Одним словом, Г. Уэллс, разрабатывая принцип единой фантастической посылки, отталкивался от некоей адетерминированной модели, всем хорошо известной, привычной, примелькавшейся. А во времена Г. Уэллса такой всем знакомой и предельно артистической моделью действительности, практически совершенно свободной от детерминизма, считалась волшебная сказка. Во времена Г. Уэллса она и была повествованием со многими посылками, поскольку в сказке «все может случиться», она дает право на появление ничем не мотивированных чудес.

Сразу нужно оговориться, что речь в данном контексте может идти только о литературной сказке, а не о фольклорной. Разница существенная, поскольку литературная сказка не пережила той сложной эволюции, которую проделала сказка фольклорная, прошедшая путь от «священного» рассказа к «профанному», т. е. к художественному[18]. Литературная сказка в творчестве Д. Страпароллы рождается сразу как рассказ профанный и фантастический в самом прямом значении этого слова, поскольку в буквальный смысл изображенных в ней событий никто не верит. Фантастика литературной сказки находится за гранью веры, а поэтому она допускает любые чудеса. В фольклорной же сказке есть свой строгий детерминизм, поскольку рождается она на основе определенного мировосприятия и это мировосприятие отражает. Поэтому фольклорная сказка сохраняет относительно устойчивый круг фантастических образов и ситуаций. Что же касается литературной сказки, то она куда более открыта для разного рода веяний, охотно пользуется она и аксессуарами из арсенала научной фантастики. В современной литературной сказке мы можем встретиться не только с феями, волшебниками, говорящими животными, ожившими вещами, но и инопланетянами, роботами, космическими кораблями и пр.

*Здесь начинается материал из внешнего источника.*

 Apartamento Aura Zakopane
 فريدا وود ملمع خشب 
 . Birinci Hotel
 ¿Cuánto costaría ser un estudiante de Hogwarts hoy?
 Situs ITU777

Такую художественную модель со многими посылками можно было бы назвать игровой фантастикой или повествованием сказочного типа. И не следует ставить знак равенства между «сказочной фантастикой» и «повествованием сказочного типа». С выражением «сказочная фантастика» прочно связано представление о тематически определенной группе образов, восходящих к фольклорной сказке и к традициям литературной сказки XVII в. — сказки о феях. Говоря же о сказочном повествовании, мы имеем в виду иное.

Когда речь идет о конкретном фантастическом произведении, интуитивное восприятие его читателем как fantasy, сказки или научной фантастики определяется не столько фактурой самих фантастических образов, не столько тем, действует ли там говорящее животное, маг, привидение или инопланетянин, сколько всем характером произведения, структурой, типом повествования и той ролью, которую выполняет фантастический образ в конкретном произведении. Только формальная принадлежность к одной из систем фантастической образности еще не дает основания отнести то или иное произведение к научной фантастике или сказке. Поэтому мы и не можем целиком соотнести сказочное повествование со сказкой и приравнять художественную модель со многими фантастическими посылками — игровую фантастику — к фантастике сказочной.

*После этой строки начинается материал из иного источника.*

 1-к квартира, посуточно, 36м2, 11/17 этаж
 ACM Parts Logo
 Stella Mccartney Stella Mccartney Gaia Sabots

В сказочном повествовании, или повествовании со множеством посылок, создается особая условная среда, особый мир со своими законами, которые, если смотреть на них с позиций детерминизма, кажутся полнейшим беззаконием. В произведении игровой фантастики «все может случиться» независимо от того, где происходит действие — в тридесятом ли царстве, на далекой планете или в соседней квартире. Понятие повествования сказочного типа не равнозначно понятию сказки, структуру повествования со многими посылками мы можем встретить за пределами сказочного жанра. Повествование же с единой фантастической посылкой — это рассказ о необычайном и удивительном, рассказ о чуде, соотнесенный с законами реальной, детерминированной действительности.

Итак, если говорить о фантастических художественных произведениях, то здесь различается фантастика как часть вторичной художественной условности и самоценная фантастика, в которой в свою очередь выделяется два типа повествовательных структур: а) повествование сказочного типа, или игровая фантастика и б) повествование об удивительном и необычайном. У этих разновидностей фантастического разные функции, различный характер связи с познавательным процессом и даже разное происхождение.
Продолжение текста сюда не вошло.